═════ Extracted material ═════
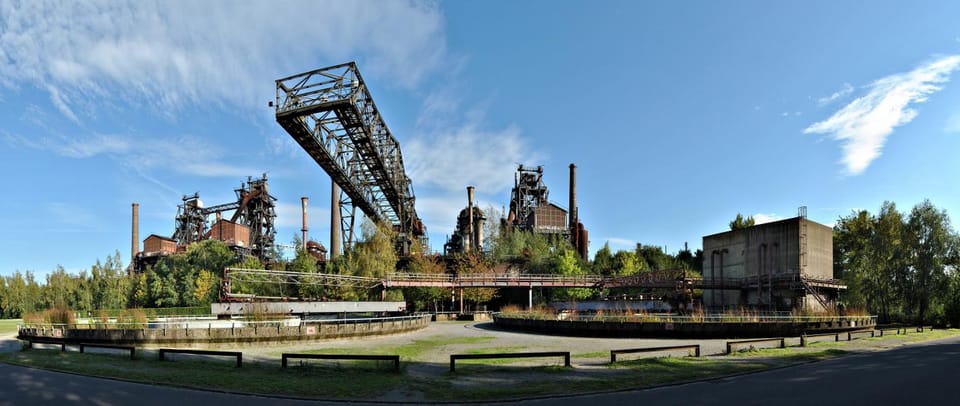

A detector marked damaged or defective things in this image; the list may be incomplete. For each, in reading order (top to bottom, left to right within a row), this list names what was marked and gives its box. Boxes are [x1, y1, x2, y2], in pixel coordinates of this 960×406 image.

rusty steel structure [172, 176, 278, 262]
rusty steel structure [274, 61, 424, 255]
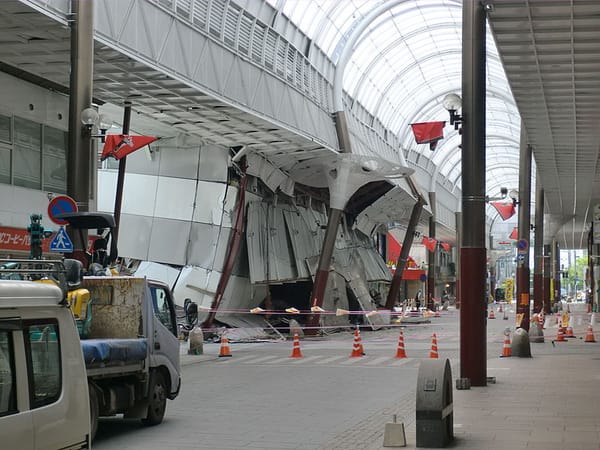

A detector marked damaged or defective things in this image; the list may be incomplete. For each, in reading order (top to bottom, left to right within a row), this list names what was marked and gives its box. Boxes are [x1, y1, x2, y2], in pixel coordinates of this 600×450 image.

bent metal structure [1, 0, 600, 356]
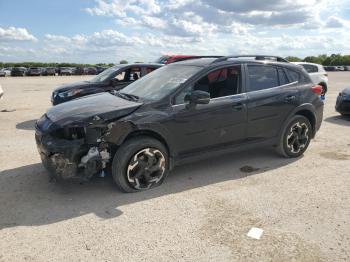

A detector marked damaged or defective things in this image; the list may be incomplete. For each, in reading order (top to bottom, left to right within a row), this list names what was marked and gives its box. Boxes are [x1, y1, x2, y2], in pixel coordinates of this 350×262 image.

crumpled hood [46, 91, 142, 126]
damaged front bumper [34, 123, 110, 180]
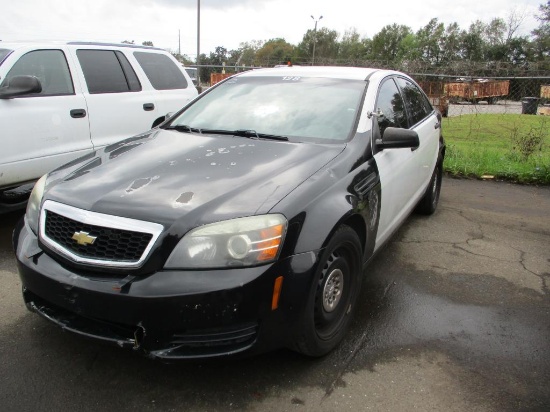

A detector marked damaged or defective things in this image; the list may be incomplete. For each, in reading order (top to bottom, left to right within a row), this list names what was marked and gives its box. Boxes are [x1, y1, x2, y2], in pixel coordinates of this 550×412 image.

cracked pavement [0, 176, 548, 408]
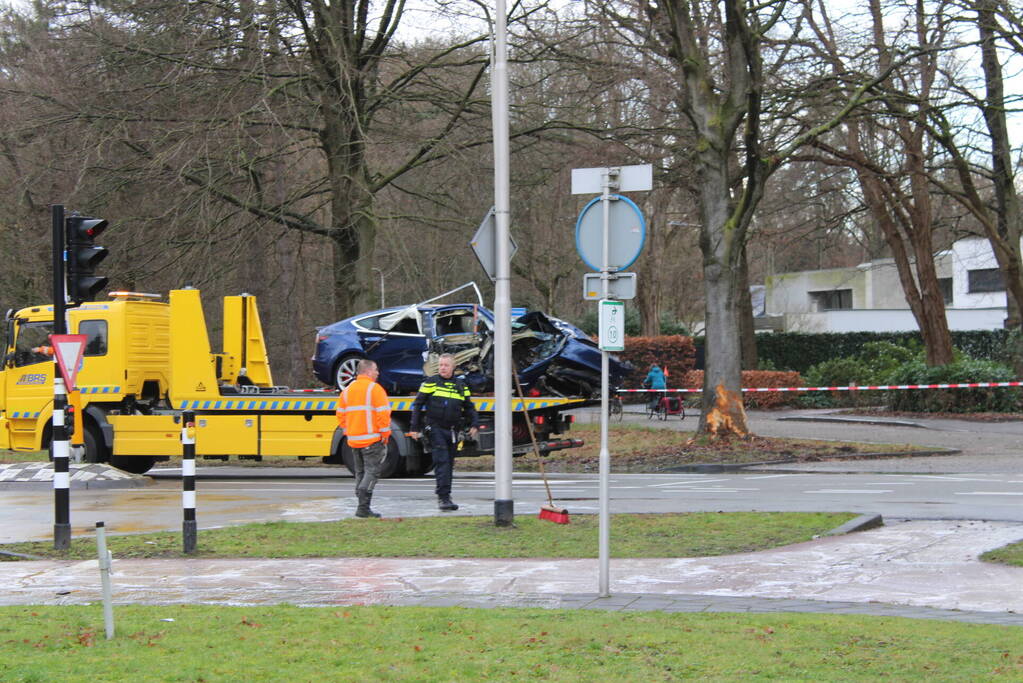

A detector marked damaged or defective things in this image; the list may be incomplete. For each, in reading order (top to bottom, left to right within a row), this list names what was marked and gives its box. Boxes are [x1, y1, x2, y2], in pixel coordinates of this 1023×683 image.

severely damaged car [312, 286, 632, 398]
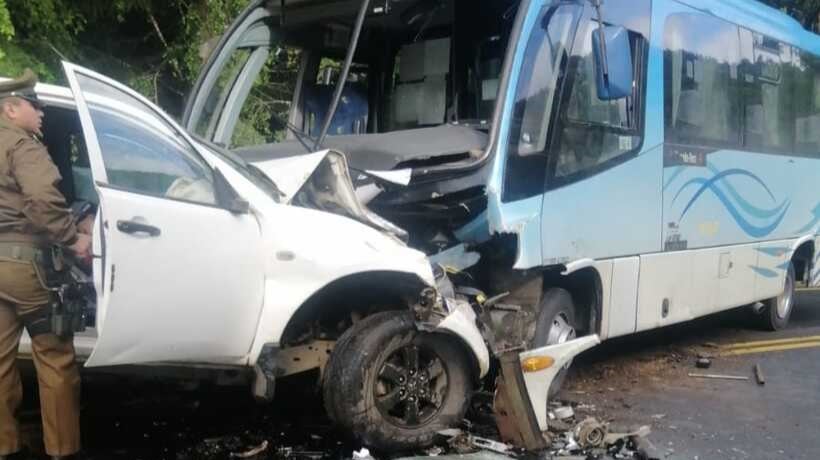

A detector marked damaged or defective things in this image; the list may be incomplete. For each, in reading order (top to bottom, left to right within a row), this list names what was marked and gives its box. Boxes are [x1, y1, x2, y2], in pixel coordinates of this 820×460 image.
═════
◆ About this exercise
Go back to the line containing "this 550×412 image." and output it and every line after it through the end of the records, exactly, but not the pictures.

◆ Your solution
A detector marked damaged or defective things in this image; the list may be incomplete. For each, in reading order (top to bottom, left to right within a row), this list names what was marked and gives its box. Boxes are [x1, y1, x2, y2], in pixel coordinates of this 550×412 image.

cracked pavement [0, 176, 548, 408]

A detector marked damaged or defective things in this image; the list may be incomplete. For each, in reading order (top to bottom, left to right within a row), this list names what was marked and gives its box. Boxes are [x1, y1, x2, y2], in pixel coordinates of this 1023×683 image.

severely damaged car [312, 286, 632, 398]

A detector marked damaged or defective things in this image; the list may be incomplete. For each, in reading order (top to bottom, left to right within a row), this list names what was marked and gives its box. Boxes are [x1, y1, x2, y2], in pixel coordinates of this 820×460 image.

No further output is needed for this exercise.